> To do:
Transcribe exactly the lines below that begin at the line with "Ein quadratisches Podcast-Logo" and stop after the line with "En la Plaza.", leaving out every picture.

> Supplied material:

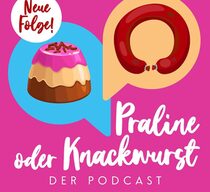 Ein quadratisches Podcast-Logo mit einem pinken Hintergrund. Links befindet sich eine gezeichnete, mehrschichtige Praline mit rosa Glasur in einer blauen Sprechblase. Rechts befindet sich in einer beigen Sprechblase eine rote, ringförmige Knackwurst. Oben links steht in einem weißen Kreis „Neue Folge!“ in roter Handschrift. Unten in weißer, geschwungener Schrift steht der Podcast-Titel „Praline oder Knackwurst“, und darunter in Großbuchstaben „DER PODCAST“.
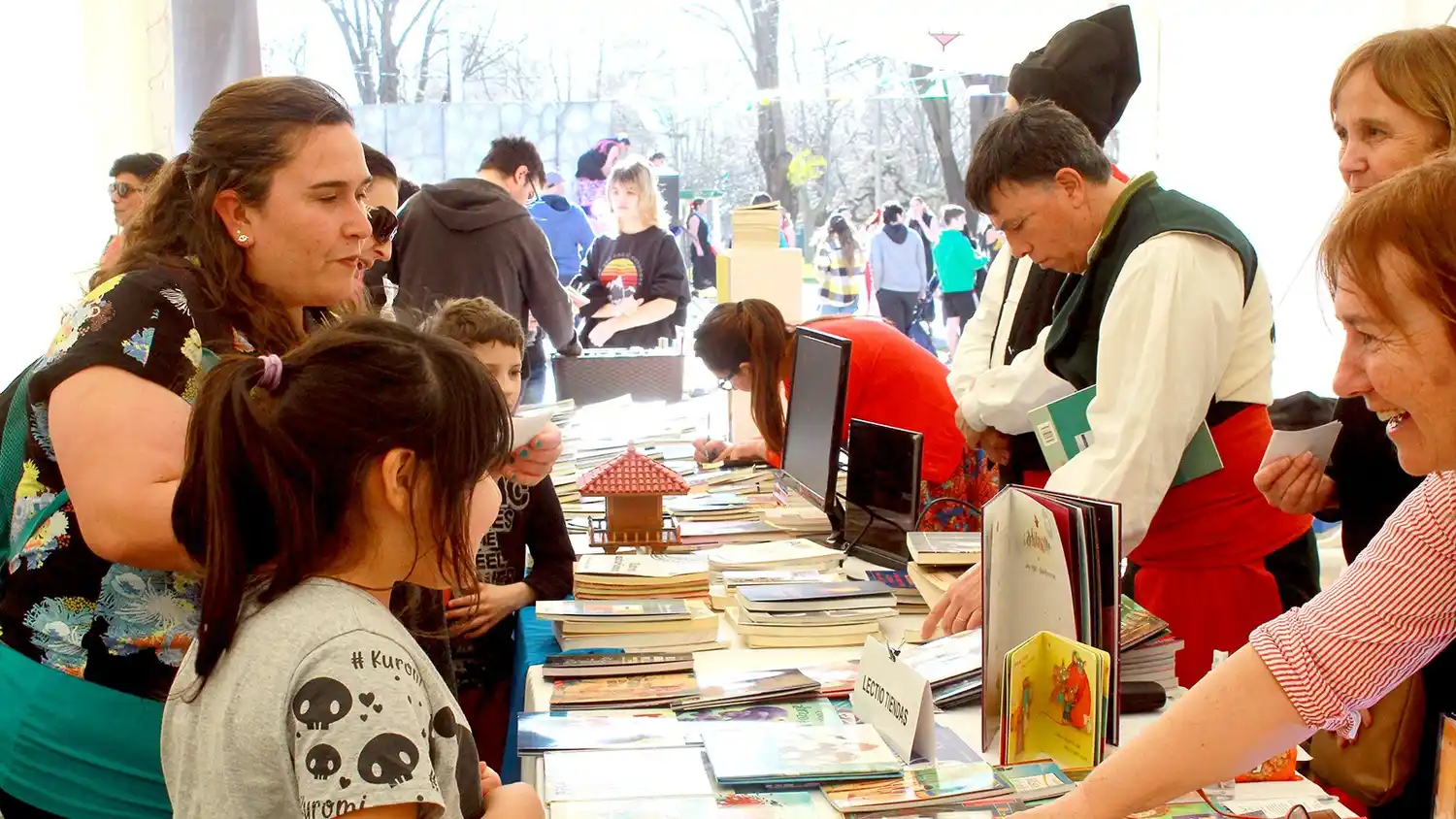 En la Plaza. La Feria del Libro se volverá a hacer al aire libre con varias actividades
* * *
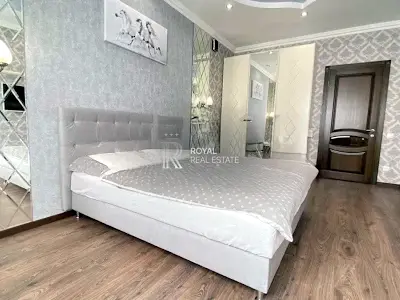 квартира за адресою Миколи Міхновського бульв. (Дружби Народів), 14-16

> Expected answer:
 Ein quadratisches Podcast-Logo mit einem pinken Hintergrund. Links befindet sich eine gezeichnete, mehrschichtige Praline mit rosa Glasur in einer blauen Sprechblase. Rechts befindet sich in einer beigen Sprechblase eine rote, ringförmige Knackwurst. Oben links steht in einem weißen Kreis „Neue Folge!“ in roter Handschrift. Unten in weißer, geschwungener Schrift steht der Podcast-Titel „Praline oder Knackwurst“, und darunter in Großbuchstaben „DER PODCAST“.
 En la Plaza. La Feria del Libro se volverá a hacer al aire libre con varias actividades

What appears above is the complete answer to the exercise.